Competitive balance is one of the most important ideas within sports economics. This idea, in general, refers to the comparison of wins between all teams in a league. Rottenberg effectively built this seminal idea with his interest in "dispersion of games won." Related to competitive balance is the understanding of different leagues and different team within those leagues objectives. Understanding the ownership structure and motives of front office personnel through their financial, read economic, decisions will reveal whether a team is looking to only generate profit, attempt to win a championship, or something entirely different.

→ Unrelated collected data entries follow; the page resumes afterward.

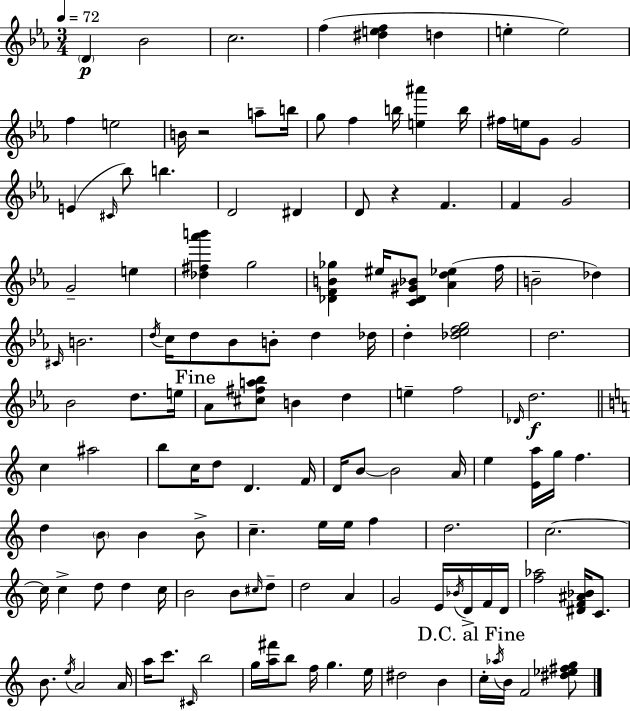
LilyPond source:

{
  \clef treble
  \numericTimeSignature
  \time 3/4
  \key c \minor
  \tempo 4 = 72
  \parenthesize d'4\p bes'2 | c''2. | f''4( <dis'' e'' f''>4 d''4 | e''4-. e''2) | \break f''4 e''2 | b'16 r2 a''8-- b''16 | g''8 f''4 b''16 <e'' ais'''>4 b''16 | fis''16 e''16 g'8 g'2 | \break e'4( \grace { cis'16 } bes''8) b''4. | d'2 dis'4 | d'8 r4 f'4. | f'4 g'2 | \break g'2-- e''4 | <des'' fis'' aes''' b'''>4 g''2 | <des' f' b' ges''>4 eis''16 <c' des' gis' bes'>8 <aes' d'' ees''>4( | f''16 b'2-- des''4) | \break \grace { cis'16 } b'2. | \acciaccatura { d''16 } c''16 d''8 bes'8 b'8-. d''4 | des''16 d''4-. <des'' ees'' f'' g''>2 | d''2. | \break bes'2 d''8. | e''16 \mark "Fine" aes'8 <cis'' fis'' a'' bes''>8 b'4 d''4 | e''4-- f''2 | \grace { des'16 } d''2.\f | \break \bar "||" \break \key a \minor c''4 ais''2 | b''8 c''16 d''8 d'4. f'16 | d'16 b'8~~ b'2 a'16 | e''4 <e' a''>16 g''16 f''4. | \break d''4 \parenthesize b'8 b'4 b'8-> | c''4.-- e''16 e''16 f''4 | d''2. | c''2.~~ | \break c''16 c''4-> d''8 d''4 c''16 | b'2 b'8 \grace { cis''16 } d''8-- | d''2 a'4 | g'2 e'16 \acciaccatura { bes'16 } d'16-> | \break f'16 d'16 <f'' aes''>2 <dis' f' ais' bes'>16 c'8. | b'8. \acciaccatura { e''16 } a'2 | a'16 a''16 c'''8. \grace { cis'16 } b''2 | g''16 <a'' fis'''>16 b''8 f''16 g''4. | \break e''16 dis''2 | b'4 \mark "D.C. al Fine" c''16-. \acciaccatura { aes''16 } b'16 f'2 | <dis'' ees'' fis'' g''>8 \bar "|."
} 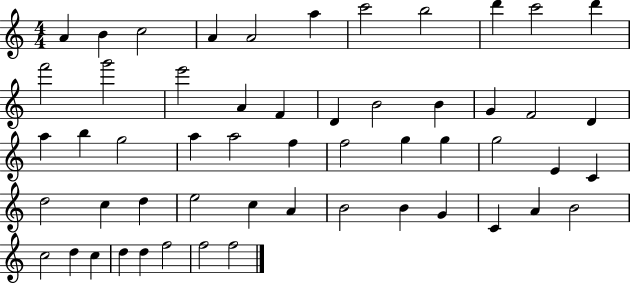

Making sense of human behavior through data is the central idea of economics and certainly applies to Sports Economics as well. Sports leagues look to promote competitive balance to make more games appealing to fans to watch, both in person and on TV. Many European leagues achieve competitive balance through promotion and relegation systems where multiple leagues are intertwined with teams moving between leagues based upon performance. Most sports leagues in the United States are standalone league and work towards competitive balance through other measures. These can include salary caps and roster size limits.

== Importance ==
Sometimes sports economics is dismissed as a side hobby for number crunchers. However, the proliferation of globalized sports markets as well as the extreme rise in sports media demonstrates its importance. In the United States, the Super Bowl regularly commands the attention of millions. In the EU, over 15 million people are employed in the sports world. On a larger scale, sports and sporting outlets provide health benefits as well as general satisfaction for a citizenry which are both prominent state concerns the world over. Another feature of sports economics is the data-rich environment in sports, from which economists can apply and investigate common economic models or problems, thus contributing to the field of economics at large.